Yann Arthus-Bertrand est-il naïf lorsqu’il porte l’image d’une écologie totalement dépolitisée, fondée sur le « tous coupables » et qu’il prétend dépasser
les clivages gauche-droite avec les financements du groupe Pinault-Printemps-La Redoute ? Peut-être. En tout cas, la démarche est dangereuse. Sa dernière
initiative, « 10:10?, fait songer à l’école des fans : tout le monde fait un geste et tout le monde gagne, avec une pensée émue pour les générations futures.
La lutte contre le productivisme et l’économie capitaliste, pour la répartition des richesses et la relocalisation n’ont pas la moindre place dans son
raisonnement.
Pourtant, le bilan écologique du capitalisme néolibéral est sous nos yeux. Entre 1997 et aujourd’hui, les émissions mondiales de gaz à effet de serre ont
progressé d’environ 25 %. La principale raison n’est pas le développement du marché intérieur des pays émergents, mais bien l’augmentation continue du
commerce international, la surconsommation des pays riches et le renforcement des délocalisations. La dictature de la finance empêche quant à elle l’émergence
d’activités réellement durables, basées sur des raisonnements de long terme. Et, lorsqu’il s’agit de lutter contre le changement climatique, la communauté
internationale décide justement de confier aux fonds d’investissements un juteux marché des « droits à polluer », qui, de produits dérivés en manoeuvres
spéculatives, nous emmène doucement mais sûrement vers un prochain krach boursier.
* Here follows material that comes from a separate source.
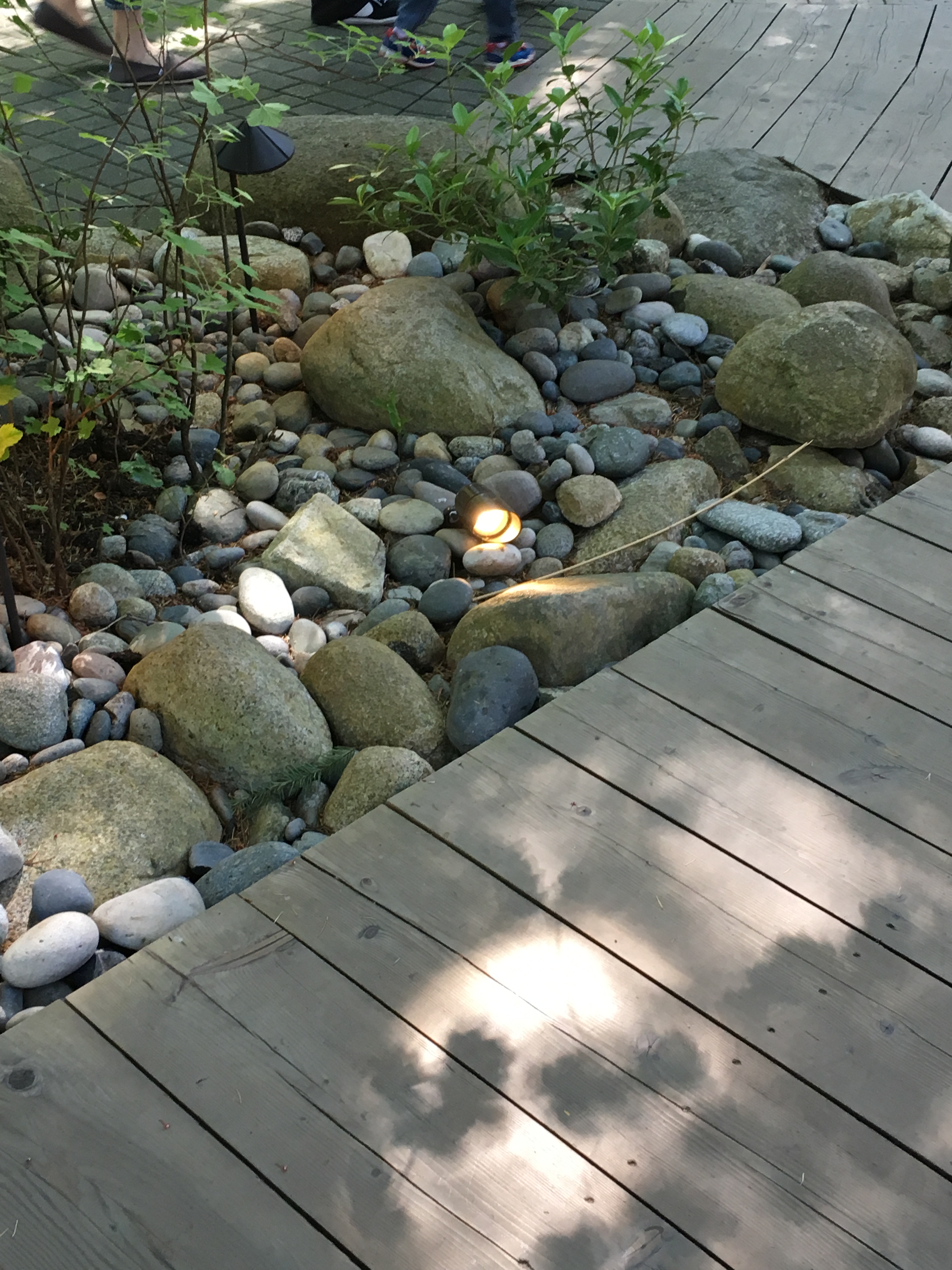 2016-05-07 Vancouver - Capillino Suspension Bridge 1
Loin des discours de Daniel Cohn-Bendit ou de Yann Arthus-Bertrand, l’écologie politique ne trouvera un avenir que dans une rupture franche et concrète
avec le capitalisme néolibéral. Nous devons aborder les sujets qui fâchent. La répartition des richesses, avec par exemple un revenu maximum et une fiscalité
de justice sociale. Le commerce international et la relocalisation de l’activité industrielle et agricole, avec des taxes écologiques et sociales sur les
importations. L’asphyxie des marchés financiers, en commençant par la fermeture de la Bourse des droits à polluer. Autant de mesures qui vont à l’encontre
des règles de l’Union européenne, de l’Organisation mondiale du commerce et du Fonds monétaire international, qu’il faut impérativement dénoncer. Nous
laissons donc à Yann Arthus-Bertrand et ses financeurs du CAC 40 la grande cause des lumières éteintes et des robinets fermés. Notre objectif se situe
à l’opposé. Il s’agit de mettre de l’écologie dans la politique et, surtout, de mettre de la politique dans l’écologie.
Les auteurs : Paul Ariès est directeur du Sarkophage, théoricien de la décroissance, et auteur de La simplicité volontaire contre le mythe de l’abondance
(La Découverte); Aurélien Bernier est secrétaire national du M’PEP et auteur de Ne soyons pas des écologistes benêts (Mille-et-une-Nuits); Yann Fiévet
est président d’Action Consommation et auteur de Le monde en pente douce (Golias); Corinne Morel-Darleu est secrétaire nationale du Parti de Gauche et
conseillère régionale Rhône-Alpes, ainsi qu’auteure de L’écologie, un combat pour l’émancipation (Bruno Leprince).